#### Material provided
......

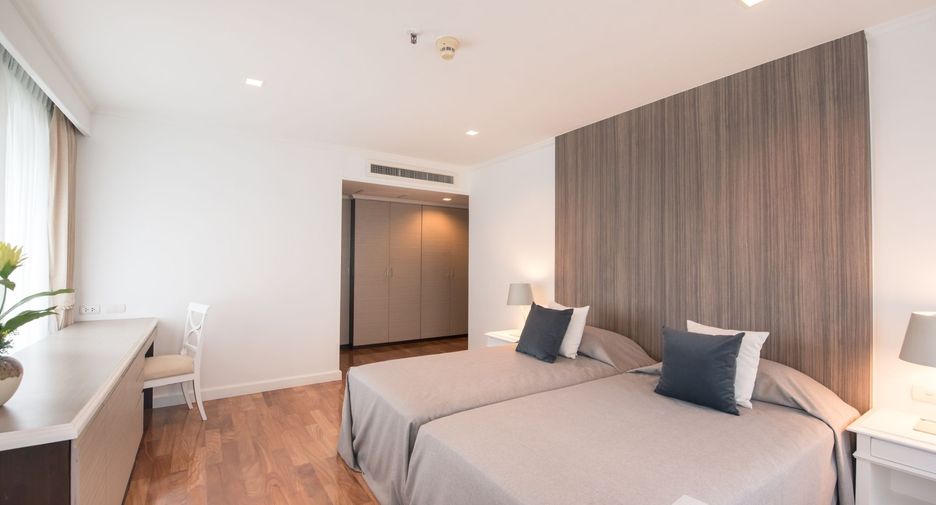 For rent 4 bedrooms apartment in Khlong Toei, Bangkok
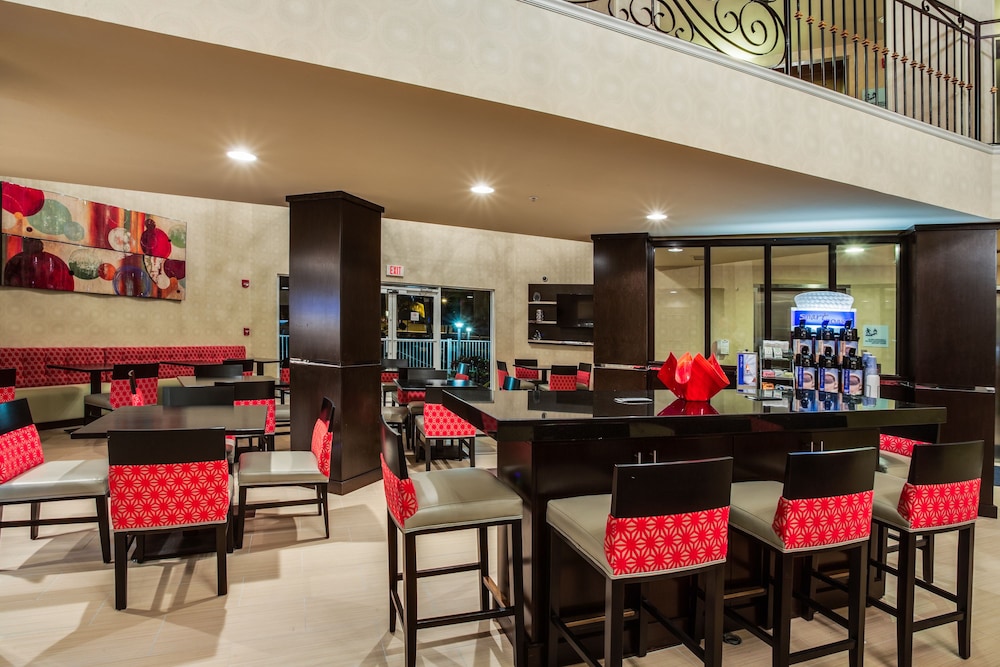 Holiday Inn Express Hotel Naples Downtown 5th Avenue - photo 26
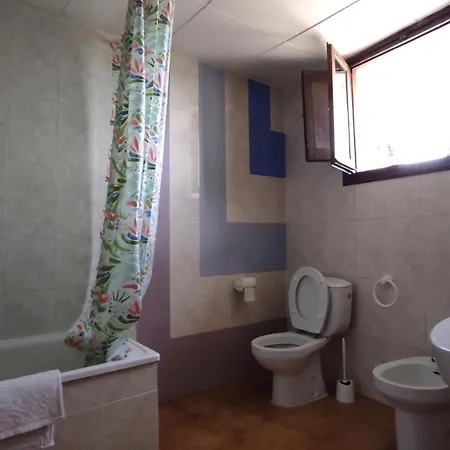 Casa Sisco, Dins De La Vall D'Ager * أغير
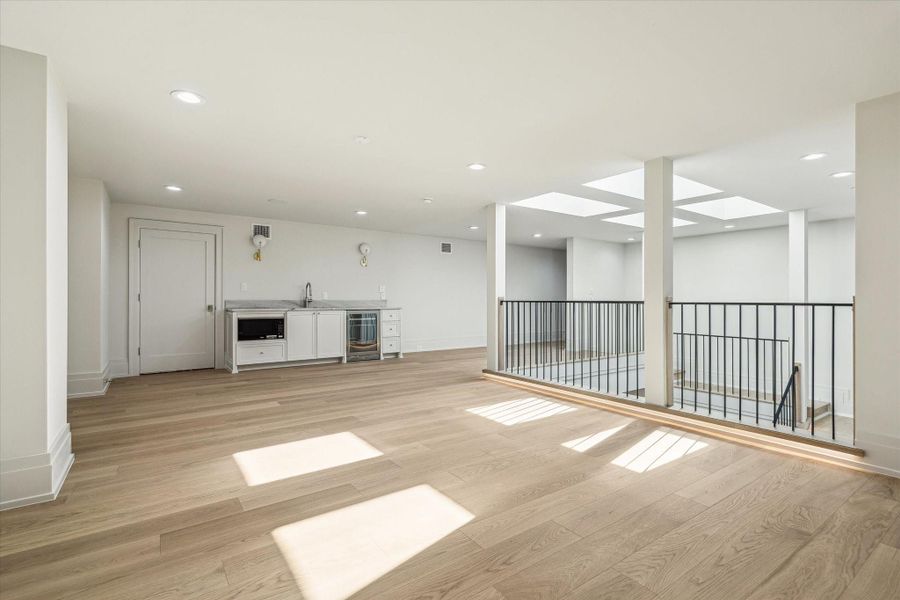 Spacious, unfurnished interior of a new home in , Houston (Image 24).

......

#### Problem details
Could you reproduce all of the data above exactly and skip any image?

#### Reply
 For rent 4 bedrooms apartment in Khlong Toei, Bangkok
 Holiday Inn Express Hotel Naples Downtown 5th Avenue - photo 26
 Casa Sisco, Dins De La Vall D'Ager * أغير
 Spacious, unfurnished interior of a new home in , Houston (Image 24).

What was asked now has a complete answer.